(Source material)

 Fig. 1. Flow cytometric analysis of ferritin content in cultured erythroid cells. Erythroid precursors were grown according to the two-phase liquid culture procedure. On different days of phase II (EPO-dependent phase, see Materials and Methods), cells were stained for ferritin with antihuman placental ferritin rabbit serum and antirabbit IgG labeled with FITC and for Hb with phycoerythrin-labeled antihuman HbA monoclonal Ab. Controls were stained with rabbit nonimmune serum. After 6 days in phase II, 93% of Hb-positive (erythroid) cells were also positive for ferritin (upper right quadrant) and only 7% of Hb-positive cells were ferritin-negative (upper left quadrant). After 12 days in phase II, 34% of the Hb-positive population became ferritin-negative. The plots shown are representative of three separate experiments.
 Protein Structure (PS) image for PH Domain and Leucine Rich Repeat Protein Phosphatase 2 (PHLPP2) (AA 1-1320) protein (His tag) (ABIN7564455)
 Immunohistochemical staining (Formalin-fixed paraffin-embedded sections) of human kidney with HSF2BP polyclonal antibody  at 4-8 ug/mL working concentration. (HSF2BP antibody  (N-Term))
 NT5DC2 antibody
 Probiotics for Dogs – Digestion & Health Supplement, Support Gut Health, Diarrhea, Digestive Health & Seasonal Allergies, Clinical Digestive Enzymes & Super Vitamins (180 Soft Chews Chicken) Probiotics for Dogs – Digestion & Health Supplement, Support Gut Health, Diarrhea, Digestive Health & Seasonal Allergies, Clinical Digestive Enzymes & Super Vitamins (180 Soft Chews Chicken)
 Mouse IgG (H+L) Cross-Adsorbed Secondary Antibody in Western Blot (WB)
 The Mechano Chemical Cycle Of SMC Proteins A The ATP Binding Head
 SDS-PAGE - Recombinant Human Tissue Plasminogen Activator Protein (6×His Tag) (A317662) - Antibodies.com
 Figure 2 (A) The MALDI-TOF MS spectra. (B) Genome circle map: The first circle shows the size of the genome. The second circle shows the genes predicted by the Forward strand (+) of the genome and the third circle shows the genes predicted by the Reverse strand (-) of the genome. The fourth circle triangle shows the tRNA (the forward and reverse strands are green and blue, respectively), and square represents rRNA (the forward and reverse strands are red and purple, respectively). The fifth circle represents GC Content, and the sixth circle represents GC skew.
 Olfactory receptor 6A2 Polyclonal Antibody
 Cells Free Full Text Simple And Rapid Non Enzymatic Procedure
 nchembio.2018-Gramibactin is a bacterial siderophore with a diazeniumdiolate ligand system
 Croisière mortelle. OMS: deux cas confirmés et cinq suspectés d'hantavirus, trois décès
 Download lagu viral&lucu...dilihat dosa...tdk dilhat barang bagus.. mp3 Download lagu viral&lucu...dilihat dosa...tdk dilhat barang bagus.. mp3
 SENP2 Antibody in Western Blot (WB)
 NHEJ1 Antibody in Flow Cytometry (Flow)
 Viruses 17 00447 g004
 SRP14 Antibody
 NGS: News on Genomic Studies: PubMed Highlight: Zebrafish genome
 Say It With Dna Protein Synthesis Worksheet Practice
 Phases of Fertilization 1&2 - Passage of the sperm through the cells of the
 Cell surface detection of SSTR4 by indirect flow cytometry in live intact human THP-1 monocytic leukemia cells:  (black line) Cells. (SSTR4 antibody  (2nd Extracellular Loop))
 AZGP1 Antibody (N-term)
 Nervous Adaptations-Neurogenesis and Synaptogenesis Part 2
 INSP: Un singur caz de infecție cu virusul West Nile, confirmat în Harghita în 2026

(End Source material)

■ **Your instructions**
The entries shown above should be copied out word for word.

■ **Solution for this task**
 Fig. 1. Flow cytometric analysis of ferritin content in cultured erythroid cells. Erythroid precursors were grown according to the two-phase liquid culture procedure. On different days of phase II (EPO-dependent phase, see Materials and Methods), cells were stained for ferritin with antihuman placental ferritin rabbit serum and antirabbit IgG labeled with FITC and for Hb with phycoerythrin-labeled antihuman HbA monoclonal Ab. Controls were stained with rabbit nonimmune serum. After 6 days in phase II, 93% of Hb-positive (erythroid) cells were also positive for ferritin (upper right quadrant) and only 7% of Hb-positive cells were ferritin-negative (upper left quadrant). After 12 days in phase II, 34% of the Hb-positive population became ferritin-negative. The plots shown are representative of three separate experiments.
 Protein Structure (PS) image for PH Domain and Leucine Rich Repeat Protein Phosphatase 2 (PHLPP2) (AA 1-1320) protein (His tag) (ABIN7564455)
 Immunohistochemical staining (Formalin-fixed paraffin-embedded sections) of human kidney with HSF2BP polyclonal antibody  at 4-8 ug/mL working concentration. (HSF2BP antibody  (N-Term))
 NT5DC2 antibody
 Probiotics for Dogs – Digestion & Health Supplement, Support Gut Health, Diarrhea, Digestive Health & Seasonal Allergies, Clinical Digestive Enzymes & Super Vitamins (180 Soft Chews Chicken) Probiotics for Dogs – Digestion & Health Supplement, Support Gut Health, Diarrhea, Digestive Health & Seasonal Allergies, Clinical Digestive Enzymes & Super Vitamins (180 Soft Chews Chicken)
 Mouse IgG (H+L) Cross-Adsorbed Secondary Antibody in Western Blot (WB)
 The Mechano Chemical Cycle Of SMC Proteins A The ATP Binding Head
 SDS-PAGE - Recombinant Human Tissue Plasminogen Activator Protein (6×His Tag) (A317662) - Antibodies.com
 Figure 2 (A) The MALDI-TOF MS spectra. (B) Genome circle map: The first circle shows the size of the genome. The second circle shows the genes predicted by the Forward strand (+) of the genome and the third circle shows the genes predicted by the Reverse strand (-) of the genome. The fourth circle triangle shows the tRNA (the forward and reverse strands are green and blue, respectively), and square represents rRNA (the forward and reverse strands are red and purple, respectively). The fifth circle represents GC Content, and the sixth circle represents GC skew.
 Olfactory receptor 6A2 Polyclonal Antibody
 Cells Free Full Text Simple And Rapid Non Enzymatic Procedure
 nchembio.2018-Gramibactin is a bacterial siderophore with a diazeniumdiolate ligand system
 Croisière mortelle. OMS: deux cas confirmés et cinq suspectés d'hantavirus, trois décès
 Download lagu viral&lucu...dilihat dosa...tdk dilhat barang bagus.. mp3 Download lagu viral&lucu...dilihat dosa...tdk dilhat barang bagus.. mp3
 SENP2 Antibody in Western Blot (WB)
 NHEJ1 Antibody in Flow Cytometry (Flow)
 Viruses 17 00447 g004
 SRP14 Antibody
 NGS: News on Genomic Studies: PubMed Highlight: Zebrafish genome
 Say It With Dna Protein Synthesis Worksheet Practice
 Phases of Fertilization 1&2 - Passage of the sperm through the cells of the
 Cell surface detection of SSTR4 by indirect flow cytometry in live intact human THP-1 monocytic leukemia cells:  (black line) Cells. (SSTR4 antibody  (2nd Extracellular Loop))
 AZGP1 Antibody (N-term)
 Nervous Adaptations-Neurogenesis and Synaptogenesis Part 2
 INSP: Un singur caz de infecție cu virusul West Nile, confirmat în Harghita în 2026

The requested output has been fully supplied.